#### DIRECTIONS
The required output is the run of lines from the one holding "Top down of" through the final line of the listing, restated word for word, with no pictures.

#### DATA BLOCK
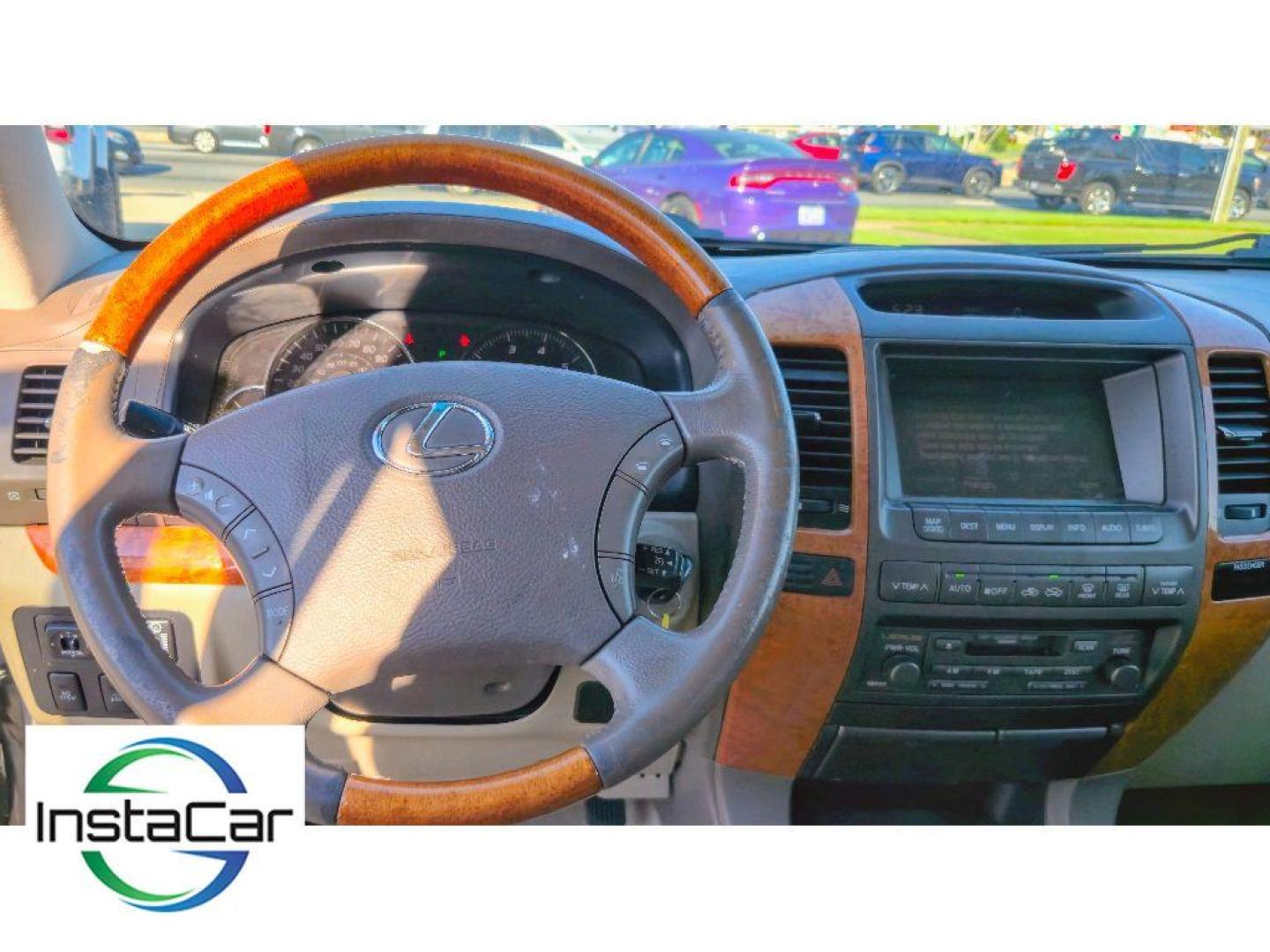 2005 Black Onyx /Ivory Lexus GX 470 Base (JTJBT20X250) with an V8, 4.7L engine, 5-speed automatic transmission, located at 6520 E. Independence Blvd., Charlotte, NC, 28212, 35.146019, -80.723465 - <b>Equipment</b><br>The leather seats in this mid-size suv are a must for buyers looking for comfort, durability, and style. This mid-size suv keeps you comfortable with Auto Climate. The installed navigation system will keep you on the right path. Protect this unit from unwanted accidents with a cu - Photo#9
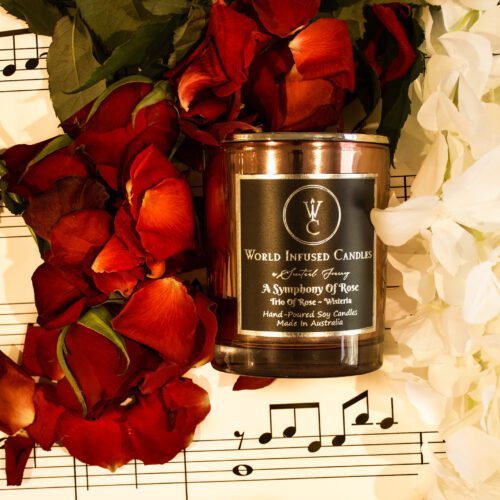Top down of A Symphony Of Rose Soy Candle with music notes and roses in the background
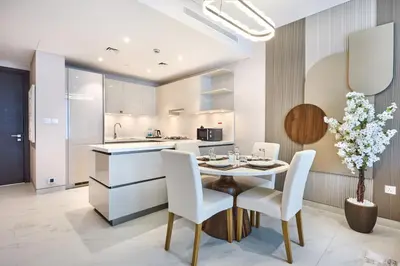 a kitchen and dining room with a table and chairs at STAY BY LATINEM Luxury 1BR Holiday Home CVG2403 Near Downtown in Dubai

#### ANSWER TO THIS PROBLEM
Top down of A Symphony Of Rose Soy Candle with music notes and roses in the background
 a kitchen and dining room with a table and chairs at STAY BY LATINEM Luxury 1BR Holiday Home CVG2403 Near Downtown in Dubai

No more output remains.